Before her husband’s accident, Amena started growing her own sunflower crop to earn additional income for her family. Sunflower is less labor intensive and requires fewer inputs than many crops, which means its cultivation is safer for female Bangladeshi farmers. Married women especially cannot easily hire male laborers and leave their village to buy inputs from male retailers or sell their crops to male traders without invoking disapproval.
In the coastal district where Amena lives, high soil salinity during the dry season makes growing certain crops impossible and food security a concern. Land often lies fallow for half the year. Sunflower not only grows in these conditions, but also provides both a cash crop and extra calories in the form of cooking oil, both of which are difficult to obtain in saline-prone coastal Bangladesh. More calories also help prevent stunting among children.
At first, Amena grew small amounts of sunflower. Because development organizations first introduced sunflower to the region following Cyclone Sidr in 2007, many farmers lack knowledge of proper cultivation techniques, and few buyers exist in the area. Without a profitable end market, farmers have had little incentive to invest in sunflower seeds, and seed companies have been reluctant to expand their sales volume.
Amena (left) with a friend and neighbor, Helena, who also grows sunflower and participates in farmer group trainings attended mostly by men.
Meanwhile, sunflower’s popularity is growing in urban markets. Since 2016, the price of sunflower grain has nearly doubled from BDT 25 to 43 (US$0.30 to US$0.51) per kilogram. Then came Northern Consumer Products Limited (NCPL), a Bangladeshi company with an oil processing mill keen on entering a burgeoning market.
The Feed the Future Bangladesh Rice and Diversified Crops (RDC) Activity, implemented by ACDI/VOCA and funded by USAID, signed an agreement with NCPL and linked the company with 753 sunflower farmers, including 216 women like Amena, in the region. NCPL agreed to advise these farmers on cultivation techniques and provide them with a 5 percent discount on seeds if they sold their crop to NCPL at the going market price at harvest time.
“We learned how many days before starting cultivation we will have to apply [fertilizer], how to space the seeds, what we need to do after the seeds germinate, what we need to do after the sunflower heads form, whether there is a pest attack … That’s why, this year, we have done sunflower in a big way and benefited from it,” Amena said.
With NCPL’s support, this year, Amena increased her sunflower production from 15 to 36 decimals of land. “I got good advice, good seeds,” she said. “So, I decided to see how it goes.”

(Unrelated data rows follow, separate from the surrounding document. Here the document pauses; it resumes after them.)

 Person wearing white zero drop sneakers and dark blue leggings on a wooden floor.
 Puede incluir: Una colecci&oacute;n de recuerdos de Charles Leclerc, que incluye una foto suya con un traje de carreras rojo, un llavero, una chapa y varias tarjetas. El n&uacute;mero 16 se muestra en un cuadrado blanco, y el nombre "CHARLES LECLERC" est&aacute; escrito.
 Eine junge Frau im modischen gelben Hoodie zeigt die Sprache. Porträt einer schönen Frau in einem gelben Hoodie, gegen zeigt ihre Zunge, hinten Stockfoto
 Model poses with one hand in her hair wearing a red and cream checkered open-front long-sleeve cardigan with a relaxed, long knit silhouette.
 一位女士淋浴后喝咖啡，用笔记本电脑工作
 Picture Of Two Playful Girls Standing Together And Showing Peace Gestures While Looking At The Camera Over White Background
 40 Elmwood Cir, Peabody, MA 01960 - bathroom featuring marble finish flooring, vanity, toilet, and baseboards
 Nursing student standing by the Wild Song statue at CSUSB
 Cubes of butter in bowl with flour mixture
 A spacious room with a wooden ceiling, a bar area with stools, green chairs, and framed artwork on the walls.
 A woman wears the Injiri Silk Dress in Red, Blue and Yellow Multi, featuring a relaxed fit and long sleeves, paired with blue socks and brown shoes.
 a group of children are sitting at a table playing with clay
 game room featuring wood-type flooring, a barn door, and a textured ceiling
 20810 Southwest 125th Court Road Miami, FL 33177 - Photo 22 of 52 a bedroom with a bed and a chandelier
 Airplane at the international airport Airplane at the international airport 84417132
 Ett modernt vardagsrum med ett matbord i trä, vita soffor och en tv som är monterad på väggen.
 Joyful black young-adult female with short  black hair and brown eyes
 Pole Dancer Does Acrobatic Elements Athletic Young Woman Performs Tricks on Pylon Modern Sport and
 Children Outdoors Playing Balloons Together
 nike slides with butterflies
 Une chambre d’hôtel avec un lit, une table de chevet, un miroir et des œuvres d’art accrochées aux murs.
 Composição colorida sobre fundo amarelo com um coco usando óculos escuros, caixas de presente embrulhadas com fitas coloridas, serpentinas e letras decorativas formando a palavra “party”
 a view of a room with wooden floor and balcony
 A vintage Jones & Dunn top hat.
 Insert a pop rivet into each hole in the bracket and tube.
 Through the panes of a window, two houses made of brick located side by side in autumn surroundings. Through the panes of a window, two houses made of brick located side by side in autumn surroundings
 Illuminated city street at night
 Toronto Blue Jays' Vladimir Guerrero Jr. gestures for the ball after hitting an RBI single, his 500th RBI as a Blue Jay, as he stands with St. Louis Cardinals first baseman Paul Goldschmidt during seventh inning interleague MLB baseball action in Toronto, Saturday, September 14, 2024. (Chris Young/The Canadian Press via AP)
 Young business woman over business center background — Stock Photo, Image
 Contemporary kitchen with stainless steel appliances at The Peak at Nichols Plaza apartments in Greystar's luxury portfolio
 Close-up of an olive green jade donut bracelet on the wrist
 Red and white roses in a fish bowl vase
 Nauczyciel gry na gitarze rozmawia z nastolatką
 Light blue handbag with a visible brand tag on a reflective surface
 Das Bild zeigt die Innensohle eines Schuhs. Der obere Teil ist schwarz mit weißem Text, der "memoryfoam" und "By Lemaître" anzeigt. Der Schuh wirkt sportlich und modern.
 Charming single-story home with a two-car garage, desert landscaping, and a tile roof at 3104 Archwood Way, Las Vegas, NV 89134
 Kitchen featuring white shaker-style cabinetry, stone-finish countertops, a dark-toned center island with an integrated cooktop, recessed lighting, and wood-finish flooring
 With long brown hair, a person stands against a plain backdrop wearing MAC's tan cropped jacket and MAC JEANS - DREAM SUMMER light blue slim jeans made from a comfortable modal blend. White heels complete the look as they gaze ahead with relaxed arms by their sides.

Before, Amena would keep most or all of what she grew to use as cooking oil at home. By doubling her crop this year, she could sell half of it — about 140 kilograms for BDT 6,500 (US$153) — and keep the rest for her family.
NCPL’s model made it easier for female farmers like Amena to participate because farmer groups worked together to buy seeds and inputs, further preventing the need for women to travel outside the village.
In the past, Amena had to pay to transport her sunflower to a market to sell it. Now, NCPL purchases it directly from her home. The profits go to Amena, not just her husband.
Amena’s family no longer needs to buy cooking oil, rice, or food to get by. Instead, she pays for her son’s education. “By the grace of God, this is the result of my hard work,” she said. Amena herself did not complete secondary school. “In our villages, the girls are married off early. My dad married me off early. That’s why I couldn’t read further,” she said.
While both her son and daughter, six, attend school, her son receives private tutoring for BDT 1,800 (US$21) a month, which she hopes to also provide for her daughter someday. “My son is meritorious. He gets good points at examinations,” she said.
Amena plans to continue growing sunflower, as long as NCPL and its future competitors offer a good market price.
“We have profited from sunflower. We are quite happy,” she said.